Guerra na Ucrânia pode levar até 13,1 milhões de pessoas ao mapa da fome, aponta relatório da Fao

Representante da organização no Brasil, Rafael Zavala, aponta que efeitos do conflito podem ser ainda piores se infraestrutura portuária for comprometida

Agricultores ucranianos misturam grãos de cevada e trigo após a colheita na região de Odesa, no sul da Ucrânia. Foto: EFE – 23/06/2022

Por Estadão 

A Guerra na Ucrânia pode levar até 13,1 milhões de pessoas a enfrentar a fome em 2022, segundo novas projeções da Organização das Nações Unidas para a Alimentação e a Agricultura (Fao). Mesmo que o conflito no Leste Europeu represente apenas um “choque moderado”, a estimativa da organização é de que pelo menos 7,6 milhões de pessoas devem entrar no mapa da fome em decorrência do conflito.

Os cenários projetados no relatório sobre o Estado de Segurança Alimentar e Nutrição no Mundo (Sofi), divulgado nesta quarta-feira, 6, podem ser ainda piores do que o previsto, de acordo com o representante da Fao no Brasil, Rafael Zavala. Em entrevista ao Estadão, Zavala afirmou que uma situação “ainda mais grave” pode acontecer, a depender da extensão dos danos do conflito.

“Podemos ter cenários ainda mais graves se houver danos na infraestrutura de portos importantes para a saída das exportações desses dois países no Mar Negro. A Ucrânia e a Rússia são dois grandes produtores de cereais, produzem 30% das exportações mundiais de trigo, além disso, a Rússia é um dos principais produtores mundiais de fertilizantes. Sem ele, é quase impossível manter a produção”, afirmou.

Em suas primeiras linhas, o relatório aponta que o mundo segue na “direção errada” para acabar com a fome, a insegurança alimentar e todas as formas de má-nutrição nos próximos oito anos – uma das metas assumidas pela comunidade internacional em 2015, no acordo conhecido como Agenda 2030. Segundo os números apresentados pela Fao, entre 702 e 828 milhões de pessoas foram afetadas pela fome em 2021, e 8% da população mundial deve estar nesta situação em 2030, o mesmo porcentual de quando o acordo foi assinado.

Zavala admitiu que a perspectiva de alcançar a meta no prazo “não é animadora”, e que certas partes do mundo passam atualmente pelo que a Fao classifica como uma “tempestade perfeita” para a insegurança alimentar.

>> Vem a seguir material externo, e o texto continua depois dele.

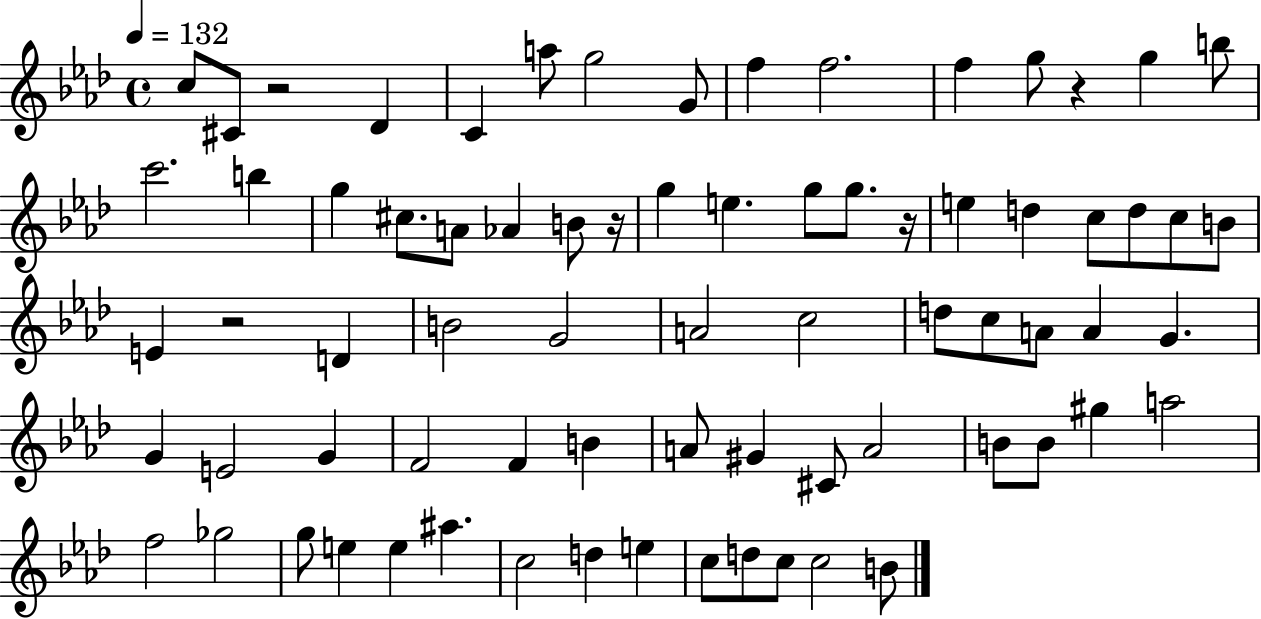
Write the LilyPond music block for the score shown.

{
  \clef treble
  \time 4/4
  \defaultTimeSignature
  \key aes \major
  \tempo 4 = 132
  c''8 cis'8 r2 des'4 | c'4 a''8 g''2 g'8 | f''4 f''2. | f''4 g''8 r4 g''4 b''8 | \break c'''2. b''4 | g''4 cis''8. a'8 aes'4 b'8 r16 | g''4 e''4. g''8 g''8. r16 | e''4 d''4 c''8 d''8 c''8 b'8 | \break e'4 r2 d'4 | b'2 g'2 | a'2 c''2 | d''8 c''8 a'8 a'4 g'4. | \break g'4 e'2 g'4 | f'2 f'4 b'4 | a'8 gis'4 cis'8 a'2 | b'8 b'8 gis''4 a''2 | \break f''2 ges''2 | g''8 e''4 e''4 ais''4. | c''2 d''4 e''4 | c''8 d''8 c''8 c''2 b'8 | \break \bar "|."
}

“Existem quatro principais causas da fome: conflitos armados, choques climáticos, choques econômicos e choques sanitários, e atualmente estes quatro fatores estão acontecendo ao mesmo tempo em alguns lugares do mundo”.

Entrevista com Rafael Zavala, representante da Fao no Brasil

Nas primeiras linhas, o relatório afirma que o mundo caminha na direção errada para a erradicação da fome, má-nutrição e insegurança alimentar, alguns dos objetivos traçados na Agenda 2030. Há oito anos do prazo final, ainda é viável uma correção de rumo que permita atingir essa meta?

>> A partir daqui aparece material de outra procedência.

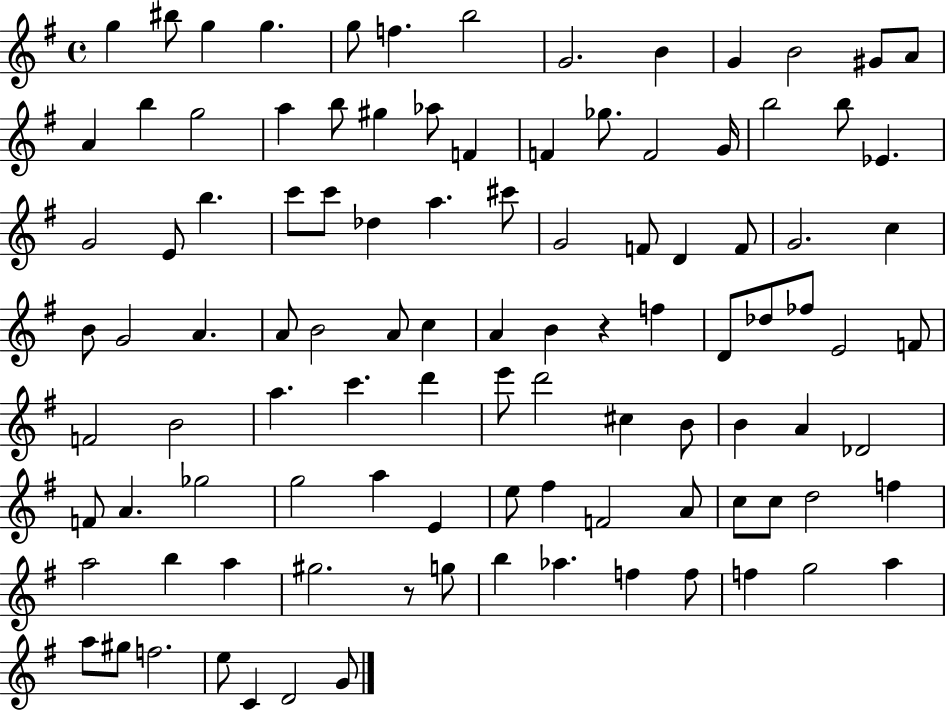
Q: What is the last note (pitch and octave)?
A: G4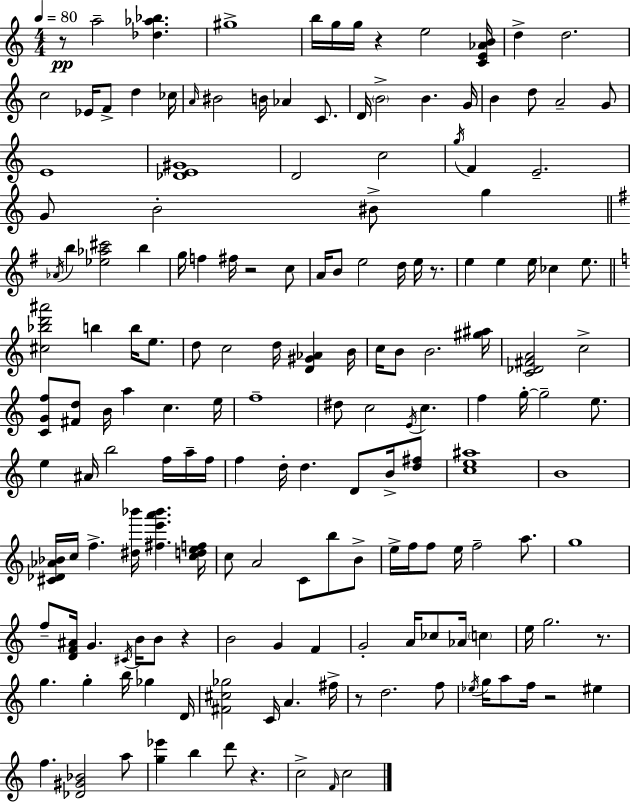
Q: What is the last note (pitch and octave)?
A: C5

A perspectiva de alcançar fome zero até 2030 não é animadora. As projeções mundiais são de que cerca de 670 milhões de pessoas ainda enfrentarão fome em 2030 – 8% da população mundial–, o mesmo que em 2015, quando a Agenda 2030 foi lançada. Estamos vivendo um momento diferente de qualquer outro na história, com desigualdades crescentes principalmente em países que sofreram muito com a pandemia de covid-19, não conseguiram se recuperar economicamente, e que também passaram a enfrentar os impactos da guerra da Rússia contra a Ucrânia.

É importante destacar que existem quatro principais causas da fome: conflitos armados, choques climáticos, choques econômicos e choques sanitários, e atualmente estes quatro fatores estão acontecendo ao mesmo tempo em alguns lugares do mundo. É o que a FAO chama de “tempestade perfeita” para a insegurança alimentar. Um exemplo é a Índia, um entre os quatro maiores produtores de trigo, que neste ano chegou a atingir as temperaturas mais altas dos últimos 100 anos nas zonas produtoras de trigo, o que pode acarretar danos na colheita.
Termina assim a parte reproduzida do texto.